Notice the two statements are equivalent:
# nyc_taxi.resample('15T').fillna('ffill')
# OR
nyc_taxi.resample('15T').ffill()
The first five records show the use of forward filling. For more information on using .fillna() or imputation in general, refer to Chapter 7, Handling Missing Data.
Overall, resampling in pandas is very convenient and straightforward. This can be a handy tool when you want to change the frequency of your time series.
You can supply more than one aggregation at once when downsampling using the .agg() function.
For example, using 'M' for monthly, you can supply the .agg() function with a list of aggregations you want to perform:
nyc_taxi.resample('M').agg(['mean', 'min', 'max', 'median', 'sum'])
This should produce a DataFrame with five columns, one for each aggregation method specified. The index column, a timestamp column, will be grouped at monthly intervals:
Figure 8.2 – Multiple aggregations using the .agg() method
Notice that the default behavior for 'M' or monthly frequency is at the month's end (example 2014-07-31).
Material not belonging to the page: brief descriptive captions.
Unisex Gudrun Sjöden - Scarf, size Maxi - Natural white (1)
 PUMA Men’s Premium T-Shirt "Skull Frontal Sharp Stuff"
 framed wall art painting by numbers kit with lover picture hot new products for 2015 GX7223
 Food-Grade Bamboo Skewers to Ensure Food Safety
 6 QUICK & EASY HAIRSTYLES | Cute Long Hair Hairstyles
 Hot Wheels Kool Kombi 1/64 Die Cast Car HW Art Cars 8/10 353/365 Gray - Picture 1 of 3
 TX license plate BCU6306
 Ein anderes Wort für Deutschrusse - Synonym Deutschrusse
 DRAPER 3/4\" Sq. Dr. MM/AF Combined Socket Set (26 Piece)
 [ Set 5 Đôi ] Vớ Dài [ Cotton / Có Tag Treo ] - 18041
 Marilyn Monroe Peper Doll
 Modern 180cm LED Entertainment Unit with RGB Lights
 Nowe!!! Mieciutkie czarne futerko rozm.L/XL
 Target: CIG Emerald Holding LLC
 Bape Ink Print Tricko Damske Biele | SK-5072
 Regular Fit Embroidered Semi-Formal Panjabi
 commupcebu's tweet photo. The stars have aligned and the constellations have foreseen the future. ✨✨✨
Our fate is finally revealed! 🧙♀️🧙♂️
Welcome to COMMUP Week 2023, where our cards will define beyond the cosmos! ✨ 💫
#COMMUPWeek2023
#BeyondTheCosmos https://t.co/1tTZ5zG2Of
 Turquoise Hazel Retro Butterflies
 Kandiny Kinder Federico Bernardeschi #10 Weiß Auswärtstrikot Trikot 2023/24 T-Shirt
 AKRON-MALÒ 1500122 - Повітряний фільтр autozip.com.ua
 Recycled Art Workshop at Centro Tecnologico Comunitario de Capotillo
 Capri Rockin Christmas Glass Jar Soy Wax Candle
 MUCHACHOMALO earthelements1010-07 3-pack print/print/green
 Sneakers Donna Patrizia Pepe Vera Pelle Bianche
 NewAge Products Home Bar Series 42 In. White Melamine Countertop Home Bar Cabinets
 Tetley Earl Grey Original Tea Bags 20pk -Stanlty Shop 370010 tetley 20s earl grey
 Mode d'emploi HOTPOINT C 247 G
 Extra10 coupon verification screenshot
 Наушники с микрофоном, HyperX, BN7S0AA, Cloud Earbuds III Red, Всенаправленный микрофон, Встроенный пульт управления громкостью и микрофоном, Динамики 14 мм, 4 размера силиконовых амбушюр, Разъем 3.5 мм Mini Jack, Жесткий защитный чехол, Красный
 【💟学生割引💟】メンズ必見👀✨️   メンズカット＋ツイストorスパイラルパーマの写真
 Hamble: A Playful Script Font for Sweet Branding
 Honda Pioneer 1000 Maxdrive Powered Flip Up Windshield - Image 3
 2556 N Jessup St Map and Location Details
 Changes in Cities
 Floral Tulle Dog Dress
You can change to month's start instead by using 'MS' . For example, this will produce 2014-07-01 instead (the beginning of each month).
nyc_taxi.resample('MS').agg(['mean', 'min', 'max', 'median', 'sum'])
There are two general approaches for using statistical techniques to detect outliers: parametric and non-parametric methods.
Using histograms and box plots are basic non-parametric techniques that can provide insight into the distribution of the data and the presence of outliers. More specifically, box plots, also known as box and whisker plots, provide a five-number summary: the minimum, first quartile (25th percentile), median (50th percentile), third quartile (75th percentile), and the maximum. There are different implementations for how far the whiskers extend, for example, the whiskers can extend to the minimum and maximum values. In most statistical software, including Python's matplotlib and seaborn libraries, the whiskers extend to what is called Tukey's lower and upper fences. Any data point outside these boundaries is considered an outlier. You will dive into the actual calculation and implementation in the Detecting outliers using the Tukey method recipe. For now, let's focus on the visualization aspect of the analysis.
In this recipe, you will use seaborn as another Python visualization library that is based on matplotlib.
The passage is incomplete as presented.